» **Records supplied**:

--------

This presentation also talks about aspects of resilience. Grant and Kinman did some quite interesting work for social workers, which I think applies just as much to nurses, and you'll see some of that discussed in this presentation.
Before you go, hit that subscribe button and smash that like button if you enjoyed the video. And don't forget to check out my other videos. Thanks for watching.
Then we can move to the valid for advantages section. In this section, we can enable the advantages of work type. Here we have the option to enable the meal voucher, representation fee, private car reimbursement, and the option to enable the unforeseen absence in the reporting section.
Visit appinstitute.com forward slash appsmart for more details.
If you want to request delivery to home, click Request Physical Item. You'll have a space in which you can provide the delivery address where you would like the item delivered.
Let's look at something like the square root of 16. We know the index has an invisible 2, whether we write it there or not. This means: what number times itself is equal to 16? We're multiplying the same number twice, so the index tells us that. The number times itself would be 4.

--------

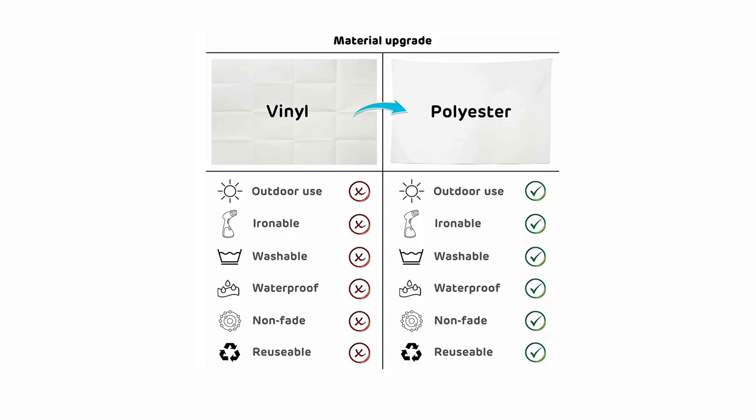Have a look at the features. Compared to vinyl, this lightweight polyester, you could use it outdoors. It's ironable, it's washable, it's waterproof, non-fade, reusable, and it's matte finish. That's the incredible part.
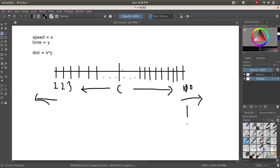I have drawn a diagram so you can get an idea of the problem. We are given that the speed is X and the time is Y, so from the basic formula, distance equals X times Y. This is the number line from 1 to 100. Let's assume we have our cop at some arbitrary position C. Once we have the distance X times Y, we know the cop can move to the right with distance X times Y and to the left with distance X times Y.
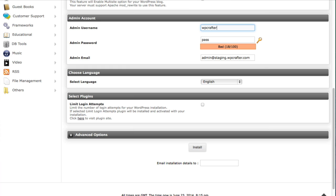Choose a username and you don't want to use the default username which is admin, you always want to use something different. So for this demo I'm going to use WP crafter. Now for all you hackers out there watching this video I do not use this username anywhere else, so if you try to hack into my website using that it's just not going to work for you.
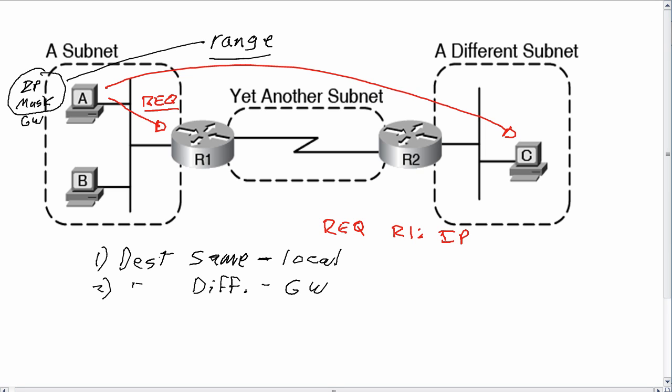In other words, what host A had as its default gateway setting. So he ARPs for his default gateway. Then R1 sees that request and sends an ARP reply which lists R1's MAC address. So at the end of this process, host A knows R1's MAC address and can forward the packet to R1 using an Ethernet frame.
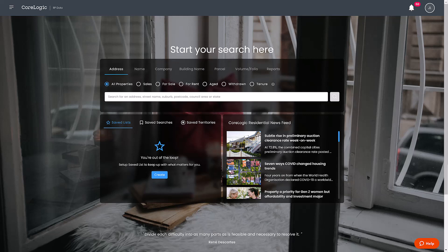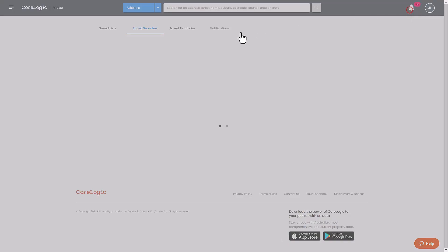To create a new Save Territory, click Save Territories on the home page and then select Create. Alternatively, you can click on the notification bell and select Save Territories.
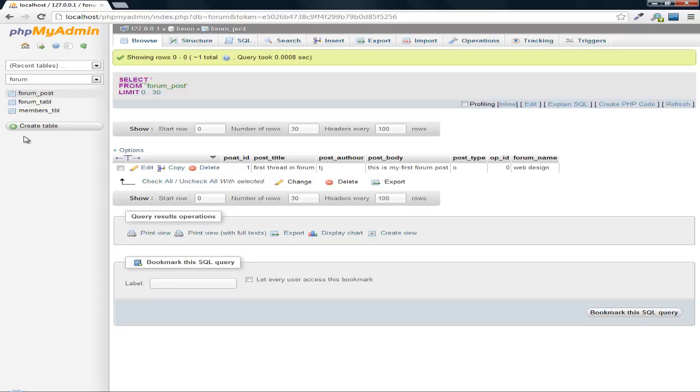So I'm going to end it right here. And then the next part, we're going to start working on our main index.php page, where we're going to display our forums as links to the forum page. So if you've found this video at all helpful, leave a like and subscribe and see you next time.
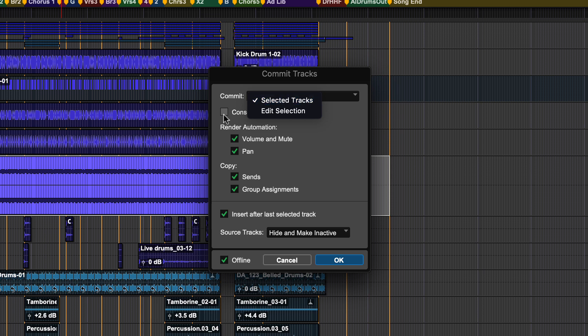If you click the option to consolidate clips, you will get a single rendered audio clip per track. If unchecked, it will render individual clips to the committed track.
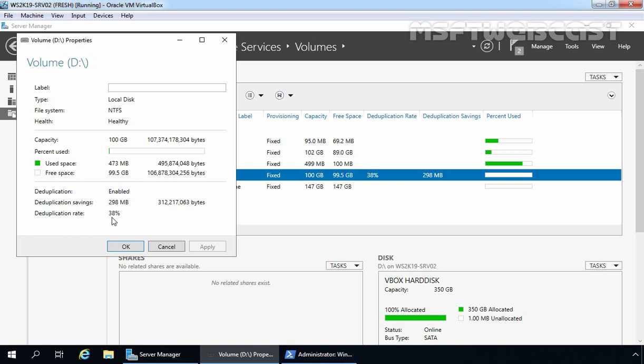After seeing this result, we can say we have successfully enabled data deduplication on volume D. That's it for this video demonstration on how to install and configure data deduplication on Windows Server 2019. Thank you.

--------

» **Task prompt**: Output exactly, and only, the lines of the entries above from the one with "I have drawn" up to and including the one with "In other words, what"; pictures are to be left out.

» **Response to this exercise**:
I have drawn a diagram so you can get an idea of the problem. We are given that the speed is X and the time is Y, so from the basic formula, distance equals X times Y. This is the number line from 1 to 100. Let's assume we have our cop at some arbitrary position C. Once we have the distance X times Y, we know the cop can move to the right with distance X times Y and to the left with distance X times Y.
Choose a username and you don't want to use the default username which is admin, you always want to use something different. So for this demo I'm going to use WP crafter. Now for all you hackers out there watching this video I do not use this username anywhere else, so if you try to hack into my website using that it's just not going to work for you.
In other words, what host A had as its default gateway setting. So he ARPs for his default gateway. Then R1 sees that request and sends an ARP reply which lists R1's MAC address. So at the end of this process, host A knows R1's MAC address and can forward the packet to R1 using an Ethernet frame.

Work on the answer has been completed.